Bioinspired Biopolymer Hydrogel Application to Improve Installation Efficiency and Load Carrying Capacity of Piles

Abstract

Installation of urban piles presents a number of difficulties in terms of noise, vibration, and impact on adjacent structures. The environmentally friendly ground improvement technique known as “biopolymer-based soil treatment” (BPST) is being actively considered in both academic and real-world settings. It is expected that the shear thinning properties of biopolymer hydrogels lessen frictional resistance during pile movement. In addition, trivalent ion-induced crosslinking between soil particles and xanthan gum biopolymer hydrogel improves the interaction between the soil and the pile after pile installation.

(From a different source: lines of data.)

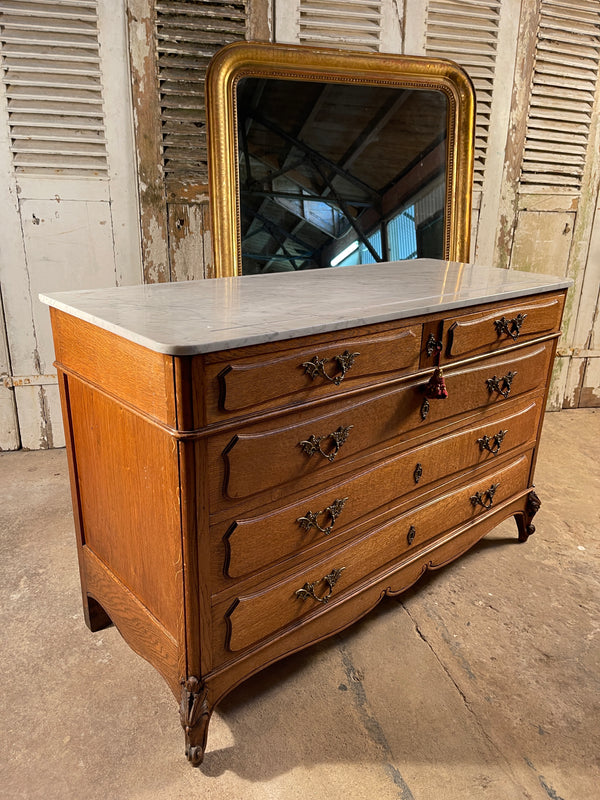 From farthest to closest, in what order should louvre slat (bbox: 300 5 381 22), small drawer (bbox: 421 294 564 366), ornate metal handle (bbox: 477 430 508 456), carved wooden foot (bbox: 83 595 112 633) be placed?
1. louvre slat (bbox: 300 5 381 22)
2. ornate metal handle (bbox: 477 430 508 456)
3. carved wooden foot (bbox: 83 595 112 633)
4. small drawer (bbox: 421 294 564 366)

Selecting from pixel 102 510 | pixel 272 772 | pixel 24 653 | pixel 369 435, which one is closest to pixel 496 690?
pixel 272 772

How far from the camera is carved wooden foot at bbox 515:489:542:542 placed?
2521 millimetres

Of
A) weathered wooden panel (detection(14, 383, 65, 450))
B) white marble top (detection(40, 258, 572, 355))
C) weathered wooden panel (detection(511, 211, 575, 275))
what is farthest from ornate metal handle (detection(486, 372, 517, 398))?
weathered wooden panel (detection(14, 383, 65, 450))

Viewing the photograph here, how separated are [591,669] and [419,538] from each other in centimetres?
67

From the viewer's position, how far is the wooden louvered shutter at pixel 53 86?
8.83ft

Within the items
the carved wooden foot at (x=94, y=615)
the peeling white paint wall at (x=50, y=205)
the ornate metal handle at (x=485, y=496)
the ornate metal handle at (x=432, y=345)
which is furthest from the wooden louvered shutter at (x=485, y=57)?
the carved wooden foot at (x=94, y=615)

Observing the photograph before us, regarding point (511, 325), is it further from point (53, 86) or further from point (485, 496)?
point (53, 86)

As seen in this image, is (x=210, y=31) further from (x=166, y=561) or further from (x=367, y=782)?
(x=367, y=782)

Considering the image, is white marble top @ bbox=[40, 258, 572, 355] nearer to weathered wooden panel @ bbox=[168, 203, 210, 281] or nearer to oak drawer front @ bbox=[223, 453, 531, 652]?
oak drawer front @ bbox=[223, 453, 531, 652]

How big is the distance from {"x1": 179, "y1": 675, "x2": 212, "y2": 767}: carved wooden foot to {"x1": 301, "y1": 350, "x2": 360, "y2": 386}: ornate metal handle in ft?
2.68

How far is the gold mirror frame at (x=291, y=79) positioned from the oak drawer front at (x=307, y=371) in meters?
1.42

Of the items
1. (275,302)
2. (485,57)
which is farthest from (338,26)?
(275,302)

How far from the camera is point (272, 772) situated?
1521 millimetres

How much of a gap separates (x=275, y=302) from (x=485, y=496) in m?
1.16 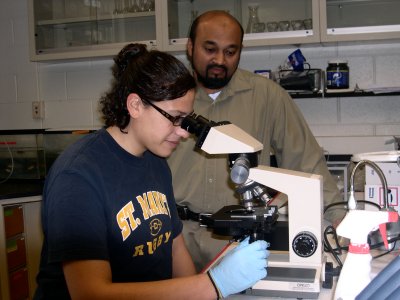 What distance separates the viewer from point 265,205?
1123 mm

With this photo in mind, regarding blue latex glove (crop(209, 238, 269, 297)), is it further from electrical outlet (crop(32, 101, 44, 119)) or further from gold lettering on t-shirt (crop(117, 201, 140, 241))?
electrical outlet (crop(32, 101, 44, 119))

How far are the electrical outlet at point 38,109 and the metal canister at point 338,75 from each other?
2.00 m

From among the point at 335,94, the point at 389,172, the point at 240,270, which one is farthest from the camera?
the point at 335,94

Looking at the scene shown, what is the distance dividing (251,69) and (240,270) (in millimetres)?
2075

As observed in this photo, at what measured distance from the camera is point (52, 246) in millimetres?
948

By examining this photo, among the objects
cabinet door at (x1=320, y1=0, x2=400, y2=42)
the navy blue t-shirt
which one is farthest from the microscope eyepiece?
cabinet door at (x1=320, y1=0, x2=400, y2=42)

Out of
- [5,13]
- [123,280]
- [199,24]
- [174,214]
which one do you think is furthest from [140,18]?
[123,280]

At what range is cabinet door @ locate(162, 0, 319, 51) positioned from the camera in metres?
2.49

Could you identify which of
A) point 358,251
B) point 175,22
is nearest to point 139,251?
point 358,251

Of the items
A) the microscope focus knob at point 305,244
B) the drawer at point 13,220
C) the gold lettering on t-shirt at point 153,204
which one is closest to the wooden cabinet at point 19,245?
the drawer at point 13,220

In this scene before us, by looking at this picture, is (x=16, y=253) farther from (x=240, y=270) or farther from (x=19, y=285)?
(x=240, y=270)

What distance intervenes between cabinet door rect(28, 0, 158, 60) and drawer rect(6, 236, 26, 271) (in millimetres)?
1182

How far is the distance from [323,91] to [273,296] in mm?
1820

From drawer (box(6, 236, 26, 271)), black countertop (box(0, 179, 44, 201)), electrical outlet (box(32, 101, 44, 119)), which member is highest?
electrical outlet (box(32, 101, 44, 119)) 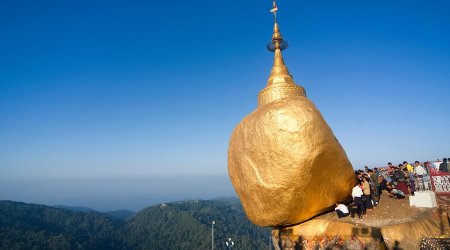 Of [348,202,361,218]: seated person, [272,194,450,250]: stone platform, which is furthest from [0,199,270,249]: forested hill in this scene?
[348,202,361,218]: seated person

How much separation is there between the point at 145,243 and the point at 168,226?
20146 mm

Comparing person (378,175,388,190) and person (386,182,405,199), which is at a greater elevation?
person (378,175,388,190)

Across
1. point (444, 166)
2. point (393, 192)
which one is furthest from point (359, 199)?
point (444, 166)

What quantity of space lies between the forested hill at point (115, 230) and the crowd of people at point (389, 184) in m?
112

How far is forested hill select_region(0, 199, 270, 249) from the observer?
116062 millimetres

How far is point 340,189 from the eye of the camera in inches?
506

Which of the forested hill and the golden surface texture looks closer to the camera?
the golden surface texture

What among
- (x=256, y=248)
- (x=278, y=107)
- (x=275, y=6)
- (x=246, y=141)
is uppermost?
(x=275, y=6)

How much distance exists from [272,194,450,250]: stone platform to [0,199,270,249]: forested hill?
11312 cm

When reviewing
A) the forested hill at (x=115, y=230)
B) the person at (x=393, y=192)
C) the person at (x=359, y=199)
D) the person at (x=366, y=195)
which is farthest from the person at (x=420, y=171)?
the forested hill at (x=115, y=230)

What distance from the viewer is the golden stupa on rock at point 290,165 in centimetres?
1172

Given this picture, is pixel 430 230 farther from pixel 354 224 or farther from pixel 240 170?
pixel 240 170

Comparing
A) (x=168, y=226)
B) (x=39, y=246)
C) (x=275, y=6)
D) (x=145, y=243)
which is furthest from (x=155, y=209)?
(x=275, y=6)

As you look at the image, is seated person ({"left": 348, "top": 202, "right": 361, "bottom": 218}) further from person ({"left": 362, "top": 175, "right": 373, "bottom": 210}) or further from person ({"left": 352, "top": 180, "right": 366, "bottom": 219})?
person ({"left": 362, "top": 175, "right": 373, "bottom": 210}) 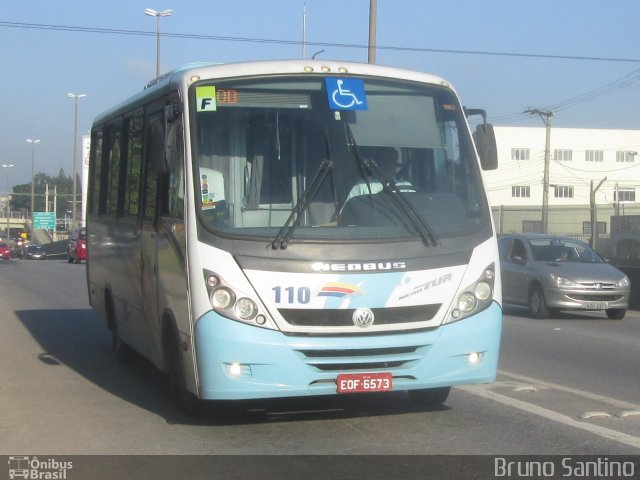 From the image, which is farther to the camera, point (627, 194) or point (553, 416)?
point (627, 194)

Through these properties, in this study, the pile skin resistance reduction and pullout resistance enhancement effects induced by biopolymer hydrogel injection and subsequent crosslinking have been assessed. The interface direct shear test was conducted to evaluate the interface shear behavior between sandpaper and soil/treated soil. The model pile was pulled out to evaluate the load carrying capacity of the pile. The load carrying capacity of the biopolymer-treated pile was the smallest. Also, piles in sand and crosslinked biopolymer-treated piles exhibited similar load-displacement curves, especially in the initial displacement. However, in the residual state, the resistance of the pile in the crosslinked biopolymer-treated sand was higher. Through the experimental results, the feasibility of applying biopolymer to increase installation efficiency is reviewed. In addition, it was found appropriate to use the crosslinking method to increase the load carrying capacity.